When you meet Ruby you would never have guessed that she was deaf. The way she spoke was just like you and I would speak. There were no issues with the pronunciation of her words and no issues with her trying to understand what I was saying. I found this amazing how someone who is completely deaf seems just like a hearing person. During the interview Ruby said that people not knowing she if deaf can sometimes put her at a disadvantage. She works in a busy, loud cafe and customers can be quite rude to her if she doesn't quite catch what they're saying because they do not realise that she is deaf. Ruby has a cochlear implant so she cannot differentiate the different sounds in a busy environment so she sometimes struggles to hear what a customer in her cafe is asking her. She expressed how this sometimes becomes frustrating because the customer does not understand that she has a hearing impediment.

Ruby's cochlear implants are like built-in AirPods!

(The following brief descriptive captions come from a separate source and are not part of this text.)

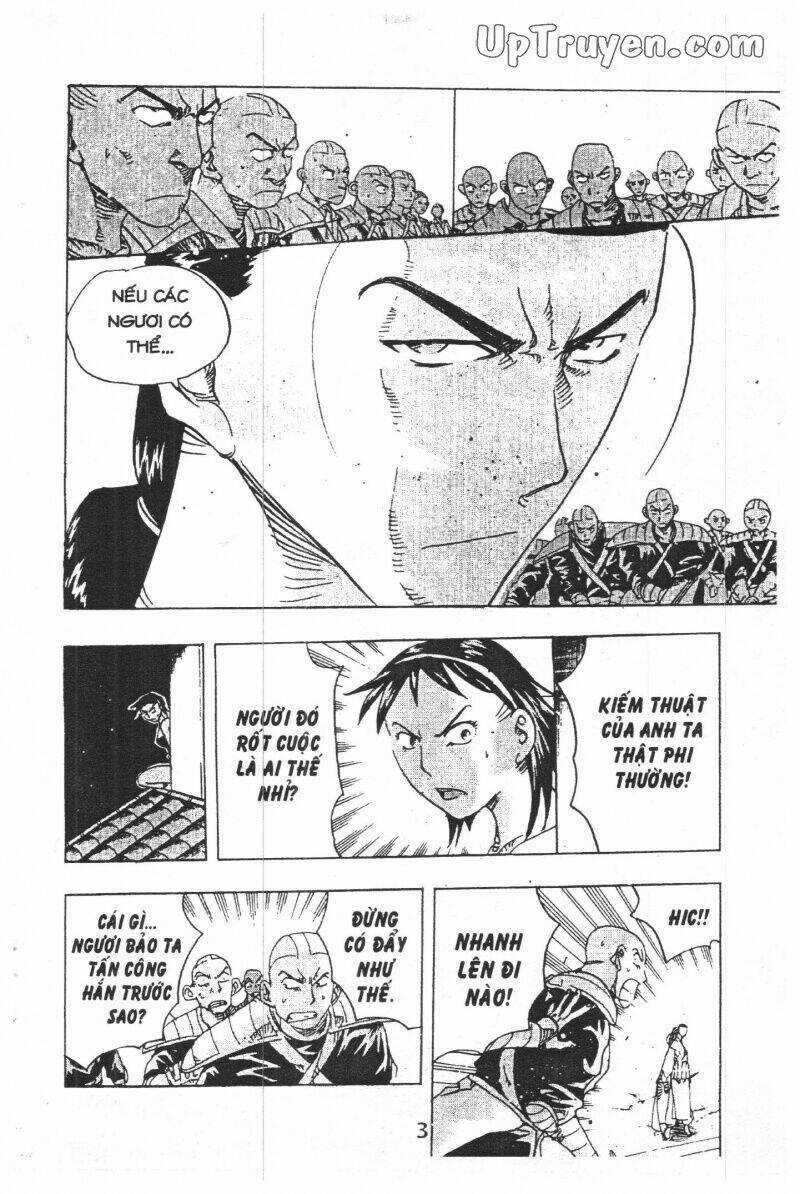 Giang Hồ Bá Đạo Ký Chapter 26 trang 2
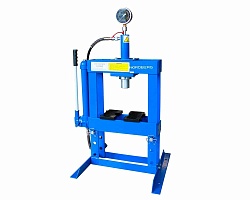 Пресс настольный, усилие 10 тонн, NORDBERG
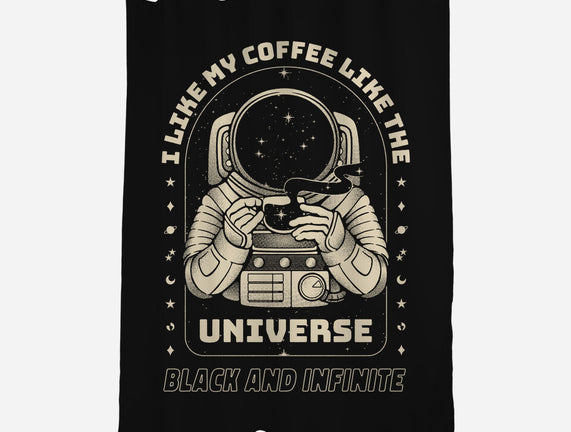 Black And Infinite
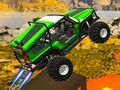 Spel Monster Jeep Stunts aanlyn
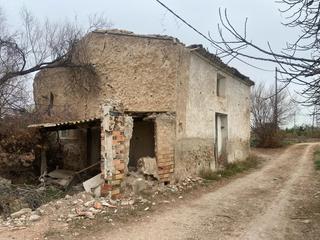 Finca rústica a El Llano. Parcela huerta arriba. molina de segura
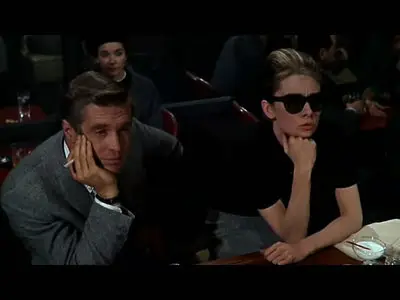 Breakfast At Tiffany's (1961) (color version) 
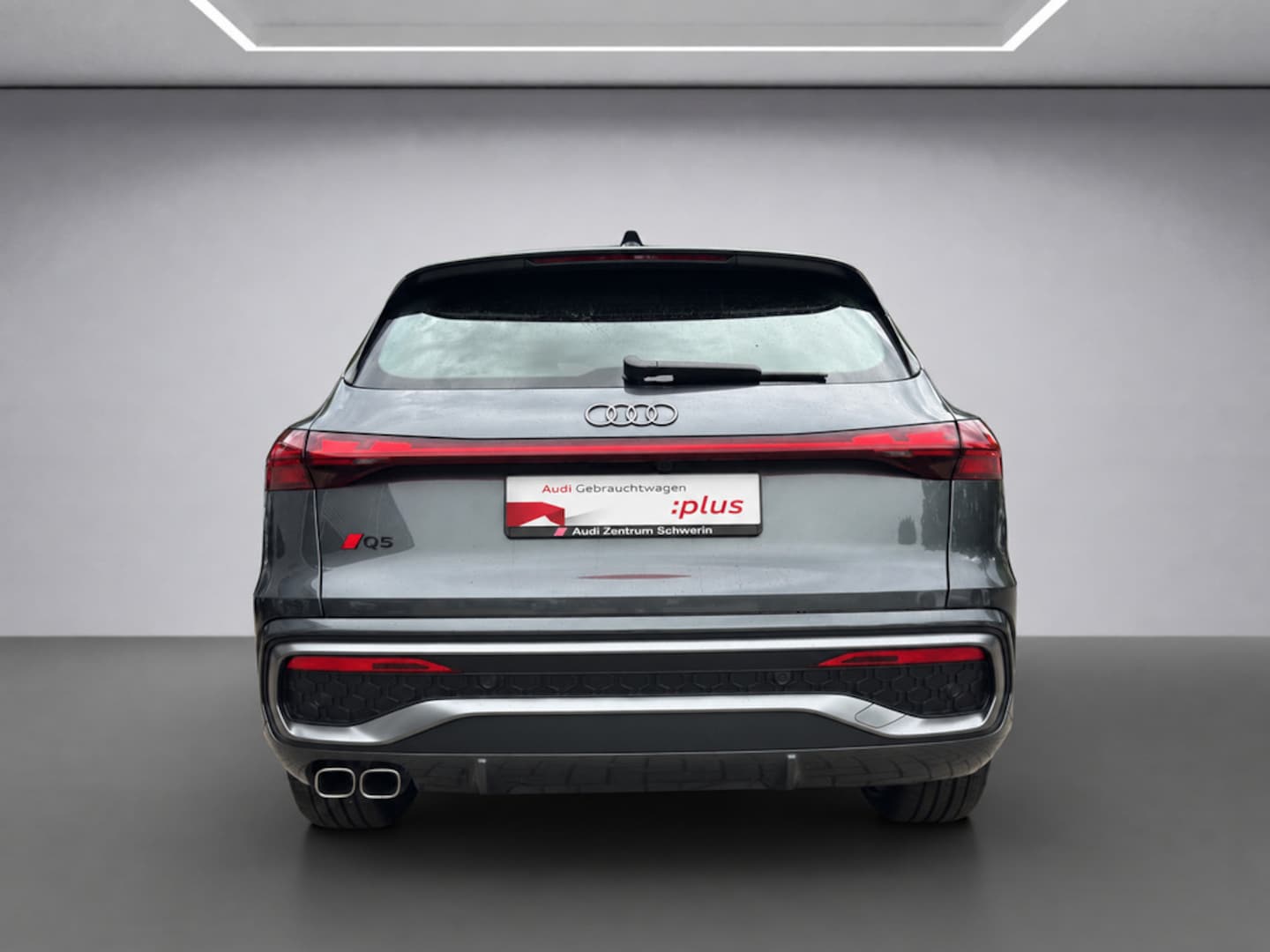Bild über Audi Q5 SUV TDI quattro 150 kW S tronic - für weitere Informationen kontaktieren Sie den Audi Partner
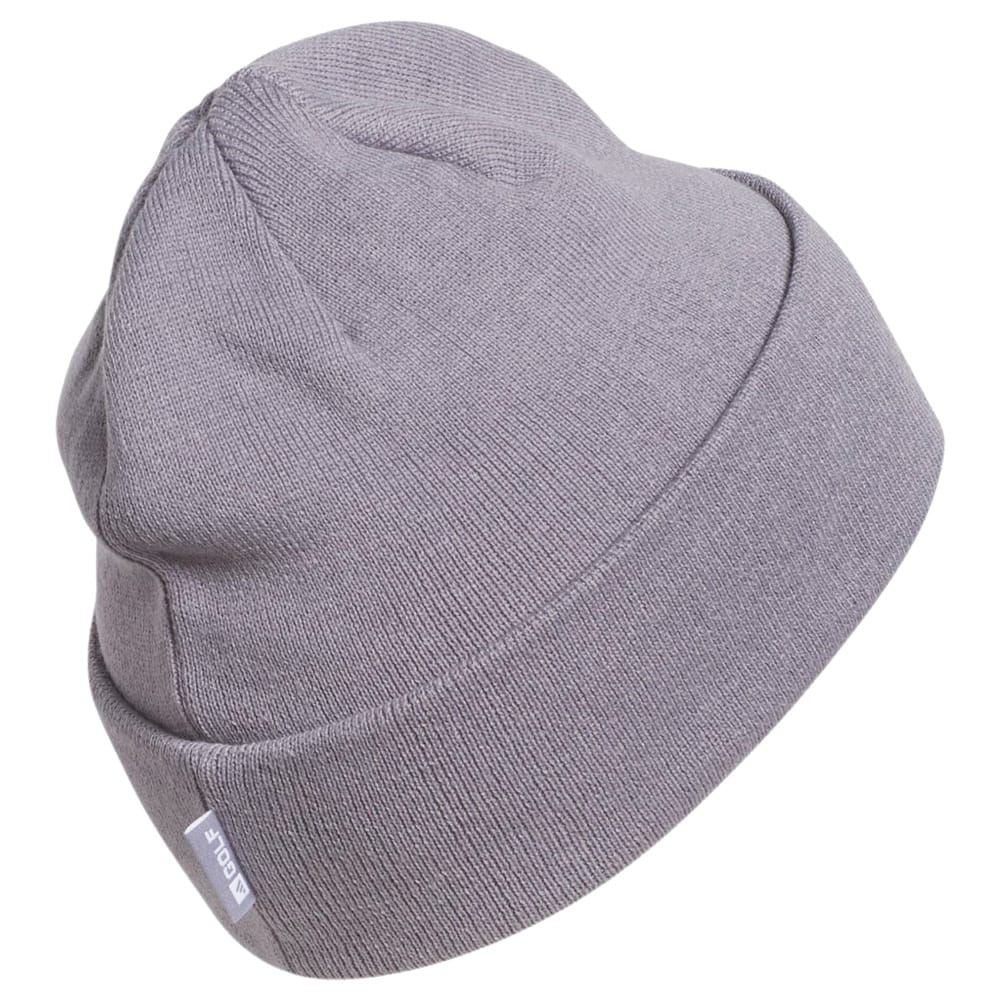 adidas Crestable Ribbed Knit Beanie - Slate - Image 4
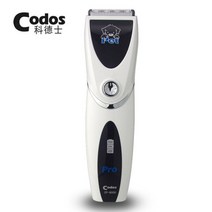 애견이발기 미용기 클리퍼 바리깡 개털 트리머 애완 동물 면도기 날카로운 가장자리 헤어컷 세라믹 블레이, 한개옵션1, 01 Add Spare Blade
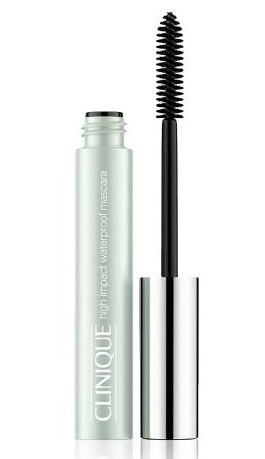 Clinique Mascara de ojos High Impact- A prueba de agua - 8 ml - Black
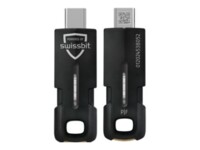 Swissbit iShield Key 2 PRO Sikkerhedsnøgle (USB-C, NFC)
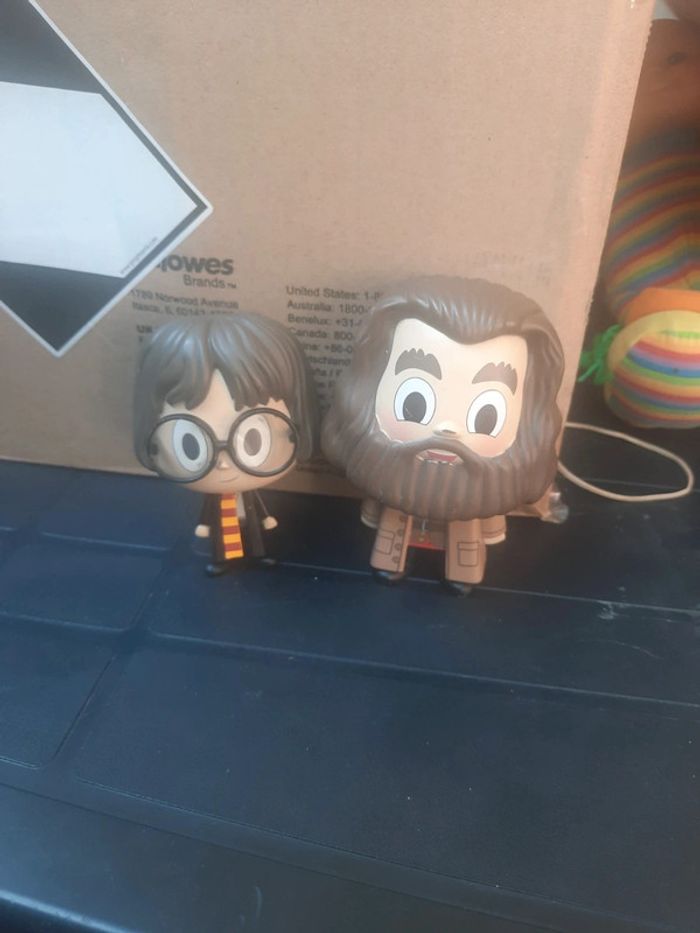 Pop harry potter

She expressed how supportive the schools she attended were, as well as her fellow hearing students. For example, I asked Ruby what was the question she gets asked the most about her hearing impediment and she said that her school friends get fascinated by her cochlear implants as she can play music and make phone calls through the bluetooth system inside her implants so she essentially has built-in 'AirPods'!
Ruby was an interesting interviewee as she had achieved very good GCSE grades considering her disability. This goes against the national statistics I am using in my project saying that deaf students are two grades below hearing students. This was a subject that I brought up in the interview asking Ruby how she got such good grades. She said that she put a lot of work into her studies and the support from both her parents and the school was very good. Ruby felt that she wasn't at a disadvantage by being in a state school with a hearing impediment because she feels that it is better to be with hearing students to help her form the communication skills she needs to go to university and in to the world of work. Also, she felt that she got plenty of support from the school to help her achieve the best grades that she could.